A Thought Before the End
Imagine if the Zuckerberg character in The Social Network would’ve tripped on some ice and lost the prototype of Facebook down a grated precipice, landing in the hands of a homeless man…and that homeless man was played by Kevin Hart. Imagine the havoc he would wreak on the Baking Soda brothers and Zuckerberg.
“You want this, do ya? Well, I want a donut…with perfect glaze……………………………………………………..(this is where Hart would do a 60-minute monologue, explaining all the things he wants.)”
(Three-fourths of the movie later, he would eat his glazed donut.)
It would have been more interesting.
The end
As you would expect, Pesci’s son wants nothing to do with him. He’s in a suit, and Pesci is in like a puffy cloak that is made of 50 or so blankets and rubber bands. Pesci has a look at his son, and that’s that.

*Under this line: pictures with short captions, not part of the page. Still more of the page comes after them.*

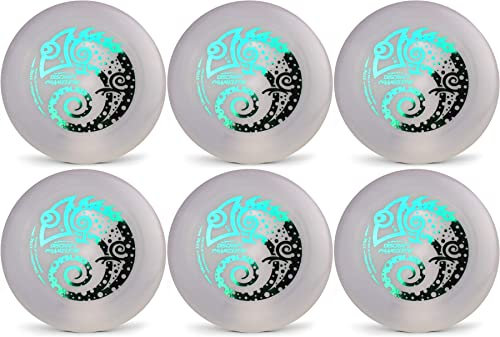 Discraft Ultra-Star 175g Ultimate Frisbee Sport Disc (paquete de 6) Ultravioleta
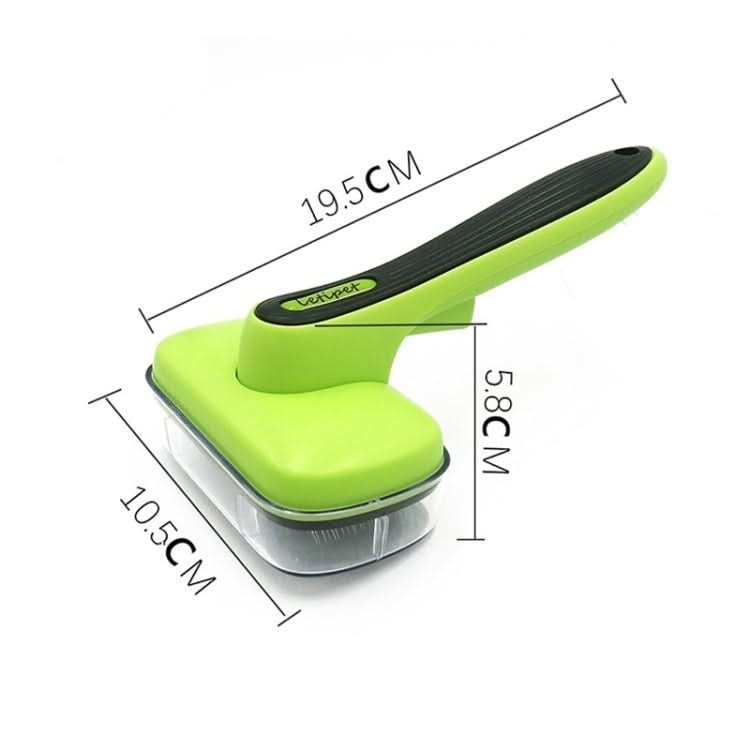 Pet Hair Removal Comb Automatic Hair Removal Brush Dog Hair Grooming Comb Cleaning Supplies - Reluova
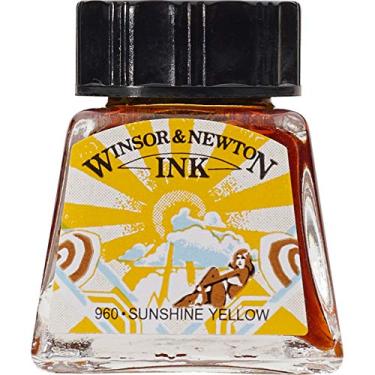 Imagem de Winsor & Newton Drawing Inks Tinta para Desenho, Amarelo (Sunshine Yellow), 14 ml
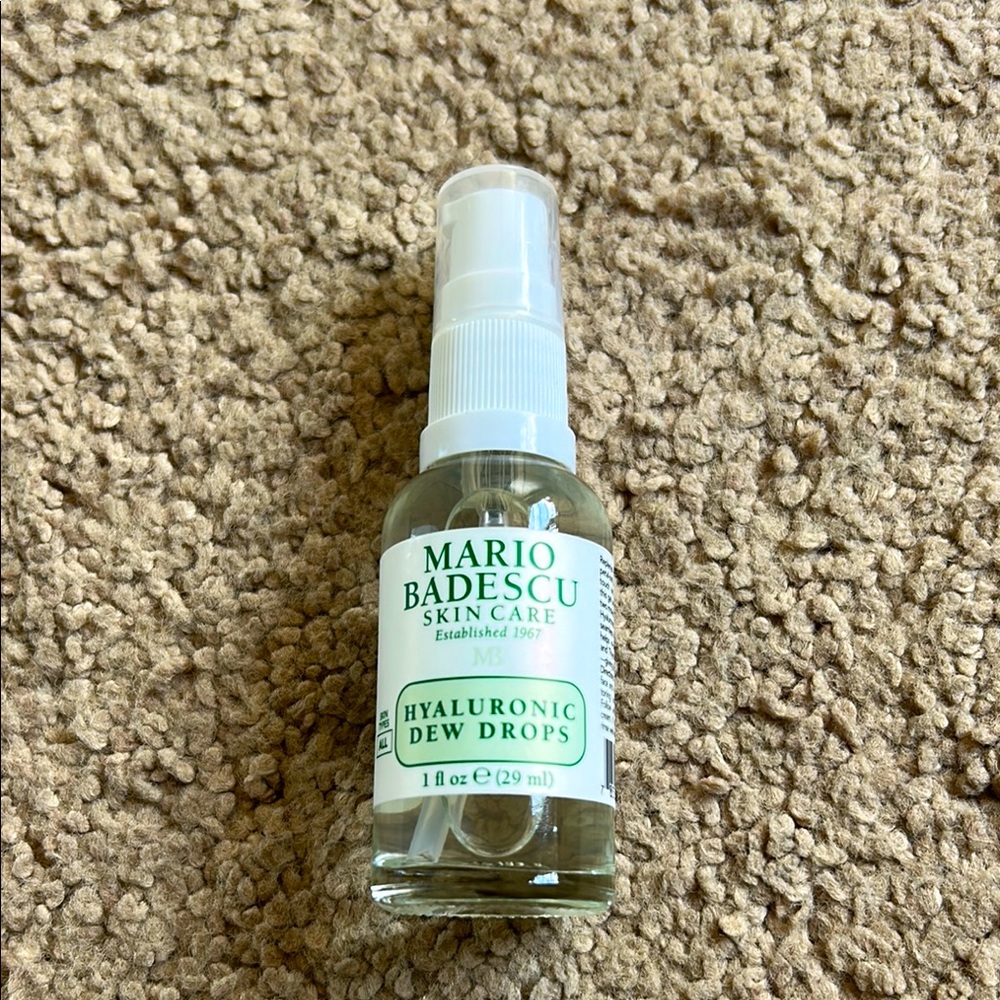 Mario Badescu Hyaluronic Dew Drops with White and Green Label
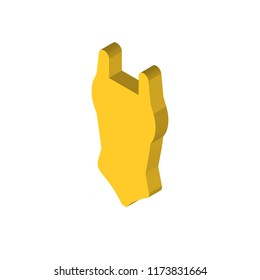 Swimsuit isometric left top view 3D icon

Life is difficult and Joe Pesci in With Honors is a dying example of that.
Oh yeah, Pesci dies. Sorry.
He collects a rock, though, which is cool because it’s kind of like the loose-change thing Danny DeVito—another short actor—did as Owen in Throw Momma from the Train.
After Pesci dies
Before Fraser goes on to star in the Mummy and the Mummy Returns, he graduates from Harvard. He doesn’t graduate “with honors” because he misses the thesis deadline. Again, this is maddening when you really think about what the hell just happened. But Pesci writes a nice obituary-inclusion for the roomies, which tells Fraser he has make-believe honors, and that the rest of the gang is a really good bunch of yutes.
They group hug…Moira Kelly grabs that one guy because he’s not sure he should be in the group hug, and tears and joy and…
What’s that?
Did I just say…yute?
What’s a yute?
Well that, my friends, is for another three-day weekend.